TASK INPUTS =
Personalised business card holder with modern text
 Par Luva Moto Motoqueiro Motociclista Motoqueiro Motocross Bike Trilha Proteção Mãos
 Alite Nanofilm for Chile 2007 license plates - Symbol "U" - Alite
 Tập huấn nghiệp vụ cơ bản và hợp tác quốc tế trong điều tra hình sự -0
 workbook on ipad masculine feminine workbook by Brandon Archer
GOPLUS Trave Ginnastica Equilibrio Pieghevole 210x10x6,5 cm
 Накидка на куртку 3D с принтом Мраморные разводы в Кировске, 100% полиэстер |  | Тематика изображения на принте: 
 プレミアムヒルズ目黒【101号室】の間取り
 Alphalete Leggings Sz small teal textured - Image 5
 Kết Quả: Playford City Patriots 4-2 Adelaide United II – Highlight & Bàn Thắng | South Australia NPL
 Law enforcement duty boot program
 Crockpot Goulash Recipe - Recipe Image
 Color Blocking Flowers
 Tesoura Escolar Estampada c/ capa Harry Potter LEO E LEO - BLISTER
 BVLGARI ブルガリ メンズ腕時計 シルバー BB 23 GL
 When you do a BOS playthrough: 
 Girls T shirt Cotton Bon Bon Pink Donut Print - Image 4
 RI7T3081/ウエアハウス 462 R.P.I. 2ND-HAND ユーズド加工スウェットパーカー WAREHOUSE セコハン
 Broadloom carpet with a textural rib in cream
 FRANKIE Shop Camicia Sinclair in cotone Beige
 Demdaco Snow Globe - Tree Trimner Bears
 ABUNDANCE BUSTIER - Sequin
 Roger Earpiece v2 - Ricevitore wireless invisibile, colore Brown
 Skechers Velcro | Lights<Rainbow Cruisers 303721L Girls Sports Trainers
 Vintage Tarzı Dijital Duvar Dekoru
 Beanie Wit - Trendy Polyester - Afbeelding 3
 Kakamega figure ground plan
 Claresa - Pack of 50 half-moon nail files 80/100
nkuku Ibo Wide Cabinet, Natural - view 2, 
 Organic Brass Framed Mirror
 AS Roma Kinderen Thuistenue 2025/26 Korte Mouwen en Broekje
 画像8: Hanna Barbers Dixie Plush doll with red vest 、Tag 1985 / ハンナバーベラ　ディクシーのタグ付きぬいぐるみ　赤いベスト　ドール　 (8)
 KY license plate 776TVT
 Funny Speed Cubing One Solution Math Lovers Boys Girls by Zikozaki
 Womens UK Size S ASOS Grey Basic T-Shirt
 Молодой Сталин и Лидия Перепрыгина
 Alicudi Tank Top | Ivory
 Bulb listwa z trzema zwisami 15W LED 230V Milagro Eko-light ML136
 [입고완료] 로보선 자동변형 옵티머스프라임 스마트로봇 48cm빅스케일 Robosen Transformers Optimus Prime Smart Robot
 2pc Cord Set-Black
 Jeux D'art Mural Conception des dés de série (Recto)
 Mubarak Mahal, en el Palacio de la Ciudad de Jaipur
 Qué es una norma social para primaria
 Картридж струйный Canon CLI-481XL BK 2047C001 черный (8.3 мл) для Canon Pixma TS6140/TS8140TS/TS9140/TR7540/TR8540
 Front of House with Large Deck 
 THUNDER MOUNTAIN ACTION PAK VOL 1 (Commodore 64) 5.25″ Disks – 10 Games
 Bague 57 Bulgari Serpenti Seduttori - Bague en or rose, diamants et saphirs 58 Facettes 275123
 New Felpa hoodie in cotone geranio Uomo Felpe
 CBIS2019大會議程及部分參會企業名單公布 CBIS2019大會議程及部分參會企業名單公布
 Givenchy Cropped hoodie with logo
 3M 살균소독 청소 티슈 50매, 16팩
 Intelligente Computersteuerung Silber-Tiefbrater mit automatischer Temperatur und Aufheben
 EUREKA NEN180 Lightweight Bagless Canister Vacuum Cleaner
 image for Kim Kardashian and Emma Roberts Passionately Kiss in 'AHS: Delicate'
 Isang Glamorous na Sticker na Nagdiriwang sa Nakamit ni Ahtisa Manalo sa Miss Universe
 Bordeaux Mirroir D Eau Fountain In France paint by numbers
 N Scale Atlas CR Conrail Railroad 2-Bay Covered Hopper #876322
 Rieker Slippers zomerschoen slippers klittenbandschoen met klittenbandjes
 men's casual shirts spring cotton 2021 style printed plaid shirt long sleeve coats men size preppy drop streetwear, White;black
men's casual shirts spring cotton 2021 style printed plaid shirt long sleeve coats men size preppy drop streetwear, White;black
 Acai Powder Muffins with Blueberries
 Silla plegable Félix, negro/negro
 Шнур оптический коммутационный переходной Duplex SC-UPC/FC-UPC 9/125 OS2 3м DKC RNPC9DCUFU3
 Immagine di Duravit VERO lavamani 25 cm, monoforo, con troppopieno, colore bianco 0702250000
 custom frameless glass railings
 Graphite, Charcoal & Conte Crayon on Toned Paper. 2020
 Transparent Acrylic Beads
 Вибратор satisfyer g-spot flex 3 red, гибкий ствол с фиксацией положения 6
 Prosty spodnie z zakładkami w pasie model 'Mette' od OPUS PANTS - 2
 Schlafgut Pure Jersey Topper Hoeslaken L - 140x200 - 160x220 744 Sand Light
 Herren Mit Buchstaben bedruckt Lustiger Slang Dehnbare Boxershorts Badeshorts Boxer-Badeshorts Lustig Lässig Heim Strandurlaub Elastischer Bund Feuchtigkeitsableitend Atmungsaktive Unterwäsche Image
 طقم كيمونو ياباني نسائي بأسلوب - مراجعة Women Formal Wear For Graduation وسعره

WORK ORDER = Exact duplication is required for the lines above, from the line that contains "AS Roma Kinderen" to the line that contains "Mubarak Mahal, en", inclusive; omit all others.

ANSWER SECTION =
 AS Roma Kinderen Thuistenue 2025/26 Korte Mouwen en Broekje
 画像8: Hanna Barbers Dixie Plush doll with red vest 、Tag 1985 / ハンナバーベラ　ディクシーのタグ付きぬいぐるみ　赤いベスト　ドール　 (8)
 KY license plate 776TVT
 Funny Speed Cubing One Solution Math Lovers Boys Girls by Zikozaki
 Womens UK Size S ASOS Grey Basic T-Shirt
 Молодой Сталин и Лидия Перепрыгина
 Alicudi Tank Top | Ivory
 Bulb listwa z trzema zwisami 15W LED 230V Milagro Eko-light ML136
 [입고완료] 로보선 자동변형 옵티머스프라임 스마트로봇 48cm빅스케일 Robosen Transformers Optimus Prime Smart Robot
 2pc Cord Set-Black
 Jeux D'art Mural Conception des dés de série (Recto)
 Mubarak Mahal, en el Palacio de la Ciudad de Jaipur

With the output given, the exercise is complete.